Whenever we're doing some kind of recovery operation on our ceph
clusters (cluster expansion or dealing with a drive failure), there
seems to be a fairly noticable performance drop while it does the
backfills (last time I measured it the performance during recovery was
something like 20% of a healthy cluster).  I'm wondering if there are
any settings that we might be missing which would improve this
situation?

Before doing any kind of expansion operation I make sure both 'noscrub'
and 'nodeep-scrub' are set to make sure scrubing isn't making things
worse.

Also we have the following options set in our ceph.conf:

[osd]
osd_journal_size = 16384
osd_max_backfills = 1
osd_recovery_max_active = 1
osd_recovery_op_priority = 1
osd_recovery_max_single_start = 1
osd_op_threads = 12
osd_crush_initial_weight = 0


I'm wondering if there might be a way to use ionice in the CFQ scheduler
to delegate the recovery traffic to be of the Idle type so customer
traffic has a higher priority?

Recovery creates I/O performance drops in our VM too but it's manageable.
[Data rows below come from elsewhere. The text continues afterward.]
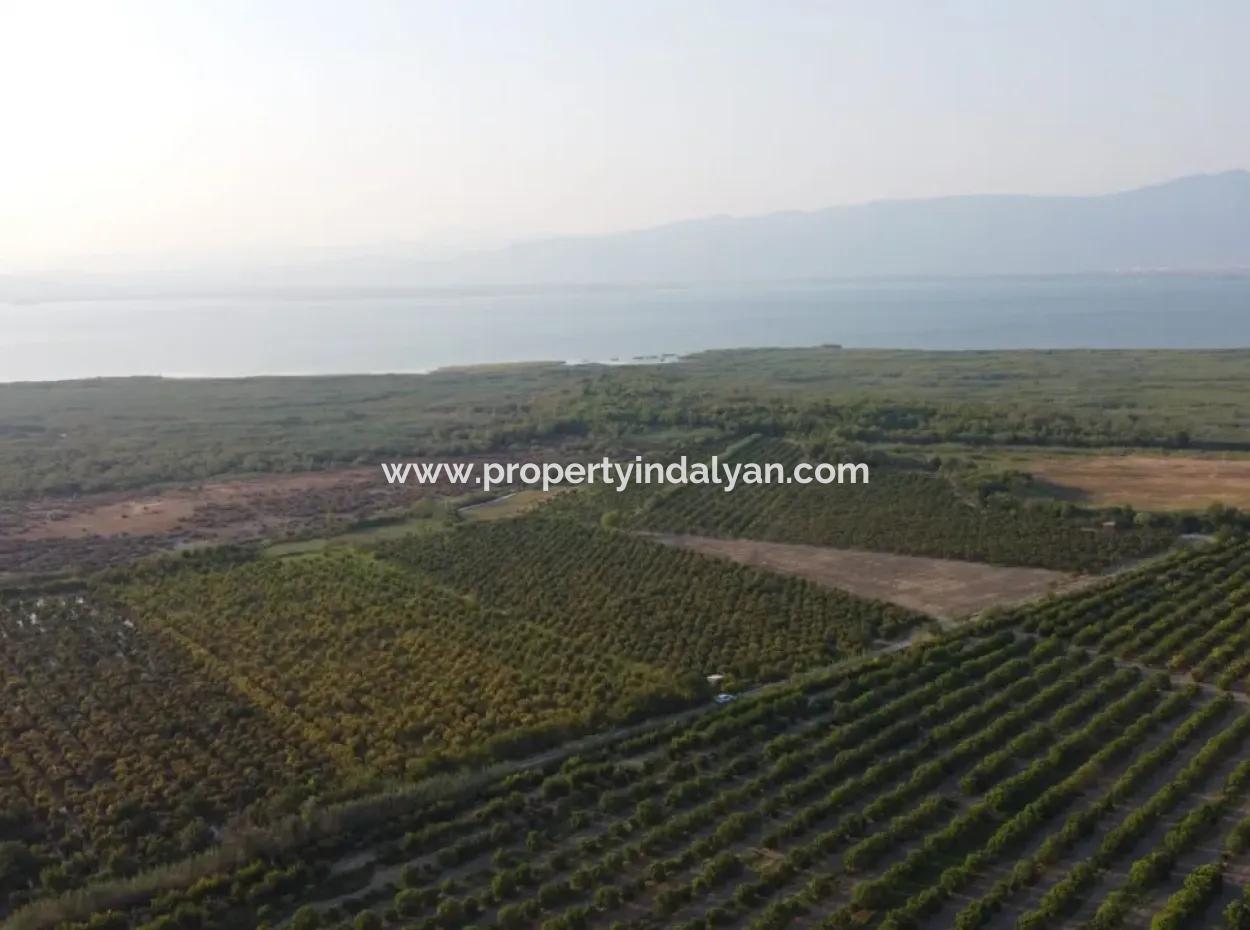 Granatapfelgarten Zum Verkauf In Mugla Ortaca Tepearasi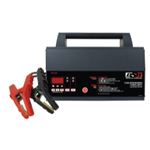 SCUINC100 Power Supply / Automatic Battery Charger, 70/100 A
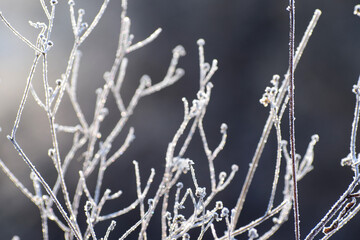 Frosty plants winter time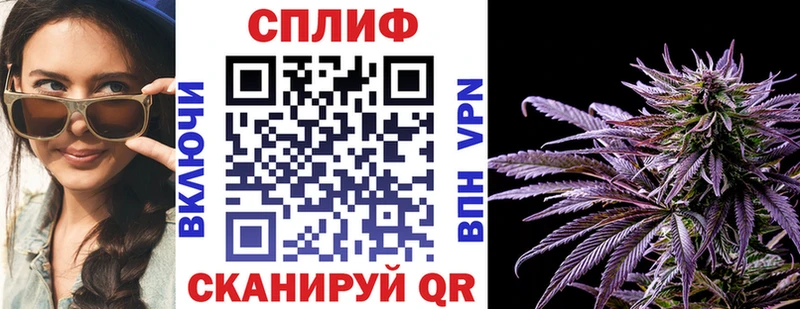hydra как зайти  Евпатория  Бошки марихуана White Widow 
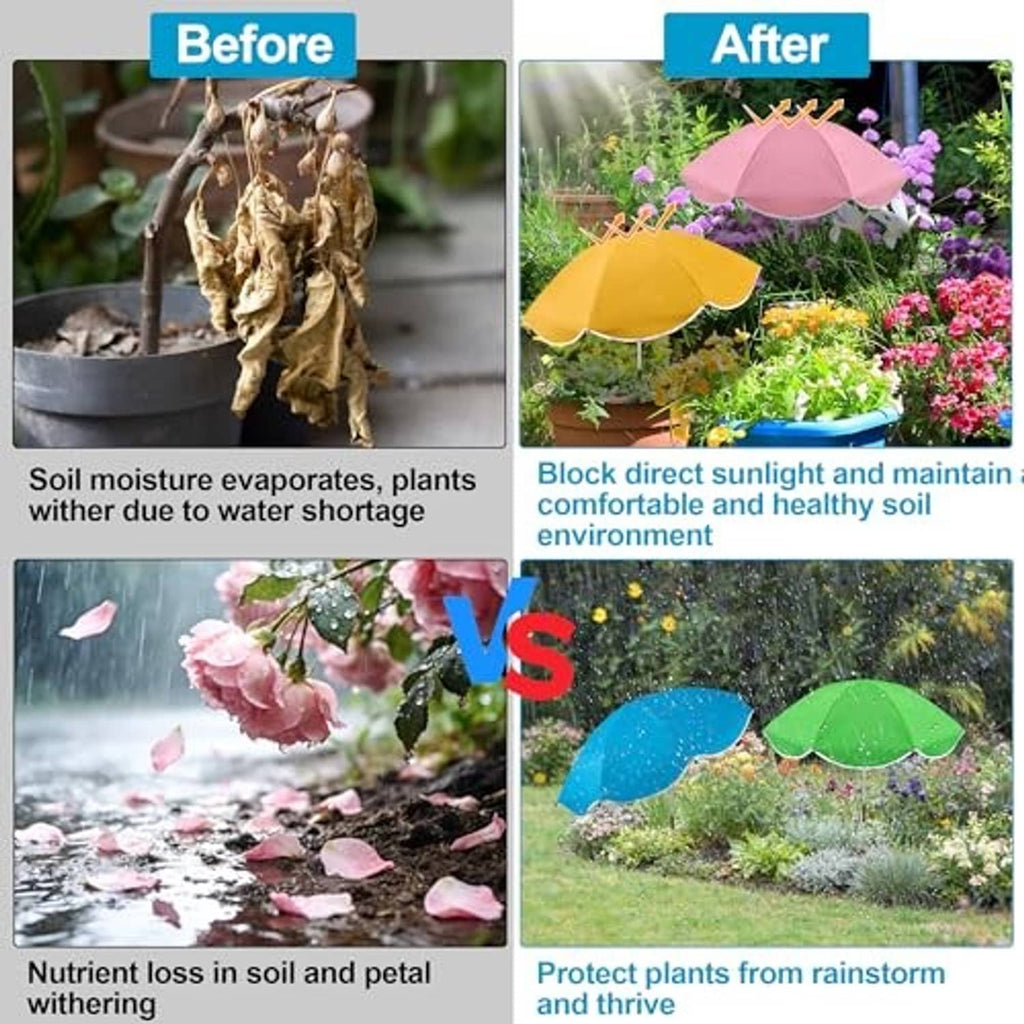 Before-and-after garden comparison with pink, yellow, green, and blue plant umbrellas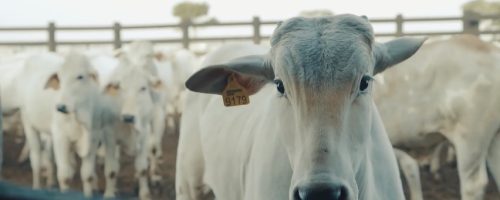 reducao-marca-a-fogo-substituicao-brincos-bottons-fazenda-sao-clemente-agropecuaria-marcondes-cesar-bem-estar-animal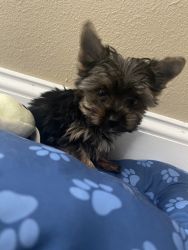 Yorkshire Terrier - Male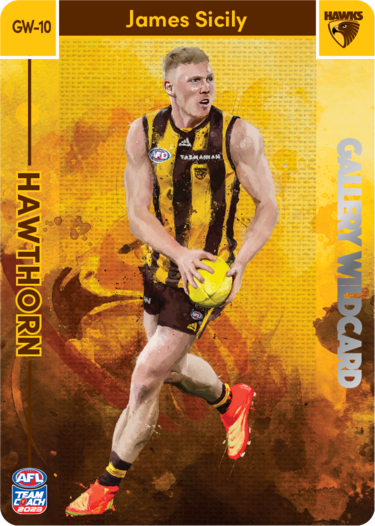 James Sicily, Gallery Wildcard, 2023 Teamcoach AFL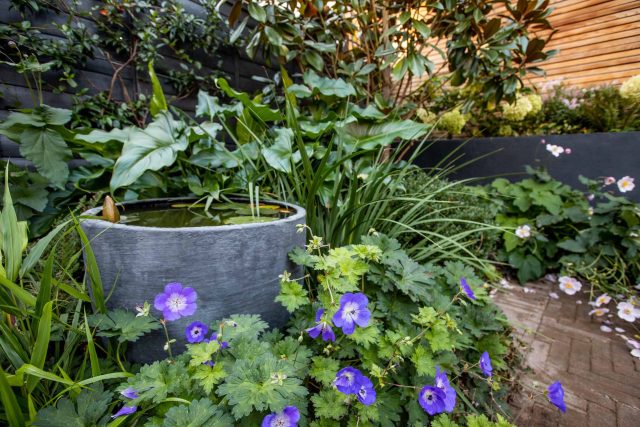 This garden design was done in-house by The Garden Builders. A small garden based in the South London, Kennington to be specific. The client was delighted.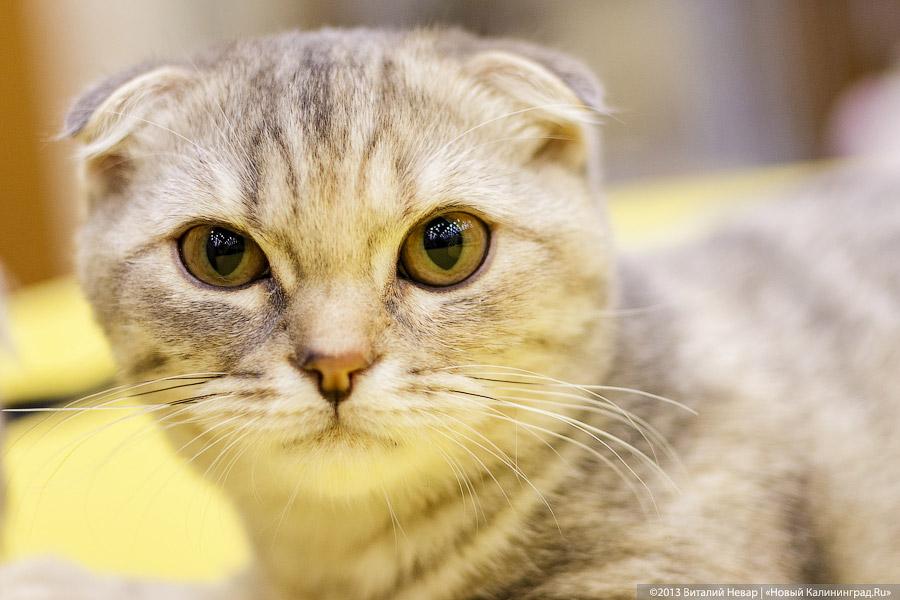 Кот — друг человека: в Калининграде отметили очередной кошачий праздник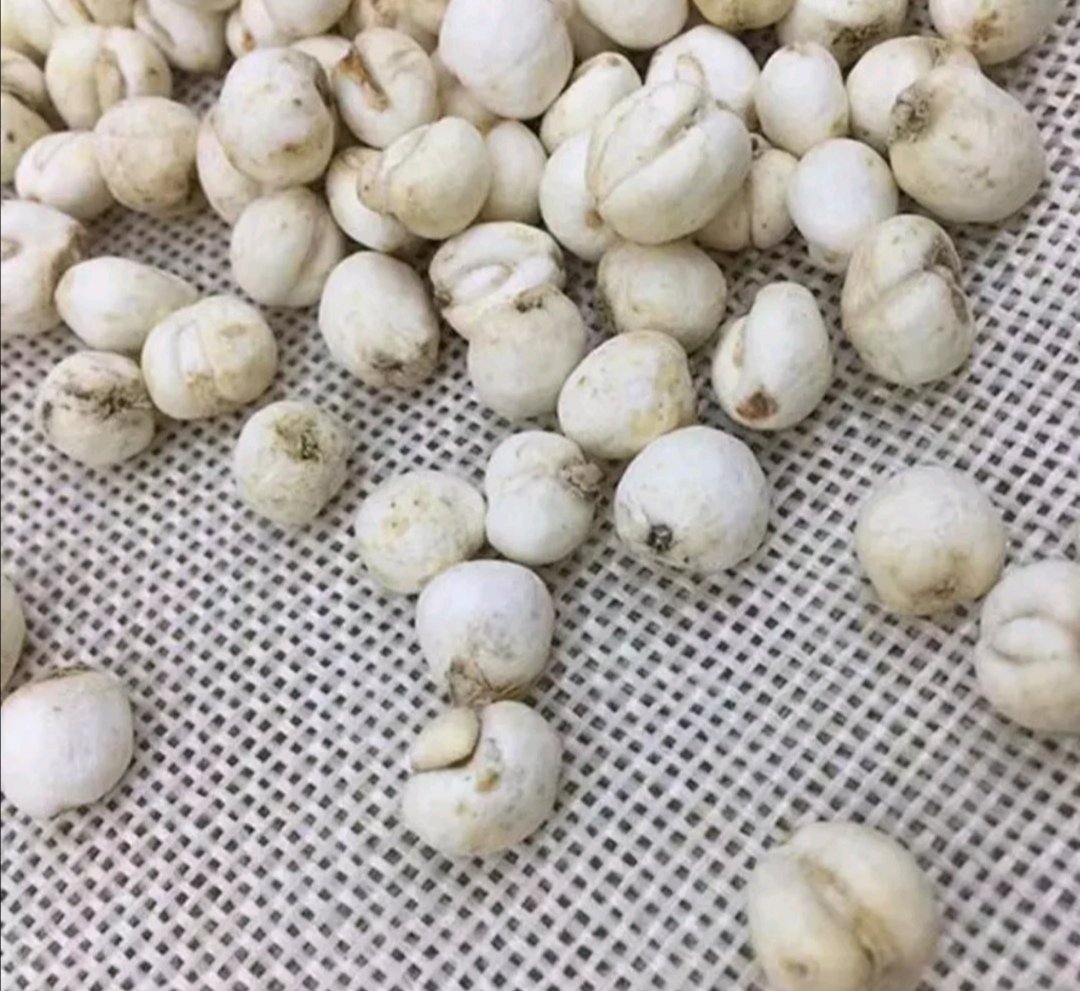 市售藏贝母真假对比图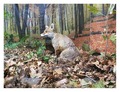 Lija kaka u šu&hellip;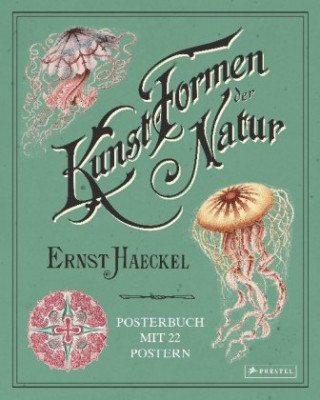 Carte Ernst Haeckel: Kunstformen der Natur. Posterbuch mit 22 Postern Kira Uthoff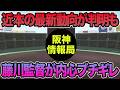【下村が遂に1軍で動く..】藤川監督が明らかにブチ切れてる件について.. 近本の最新動向判明の広島戦を徹底解説【阪神タイガース】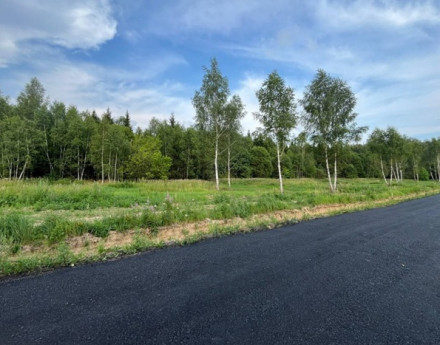 Виды Васильевские дворики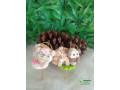 enfeites-para-cuia-small-4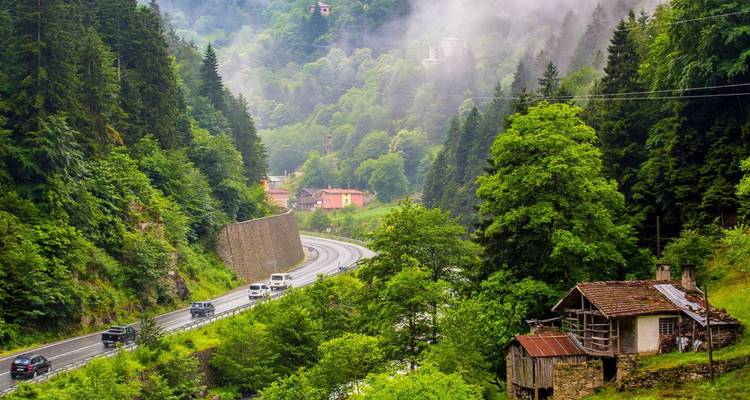 Nebel zieht durch ein üppig grünes Bergtal, das mit Häusern und einer Waldstraße übersät ist.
What really hurts us are deep scrubs.
Our current situation is Firefly 0.80.9 with a total of 24 identical OSDs evenly distributed on 4 servers with the following relevant configuration:

    osd recovery max active      = 2
    osd scrub load threshold      = 3
    osd deep scrub interval       = 1209600 # 14 days
    osd max backfills             = 4
    osd disk thread ioprio class  = idle
    osd disk thread ioprio priority = 7

we managed to add several OSDs at once while deep scrubs were in practice disabled: we just increased deep scrub interval from 1 to 2 weeks which if I understand correctly had the effect of disabling them for 1 week (and indeed there were none while the backfilling went on for several hours).

With these settings and no deep-scrubs the load increased a bit in the VMs doing non negligible I/Os but this was manageable. Even disk thread ioprio settings (which is what you want to get the ionice behaviour for deep scrubs) didn't seem to make much of a difference.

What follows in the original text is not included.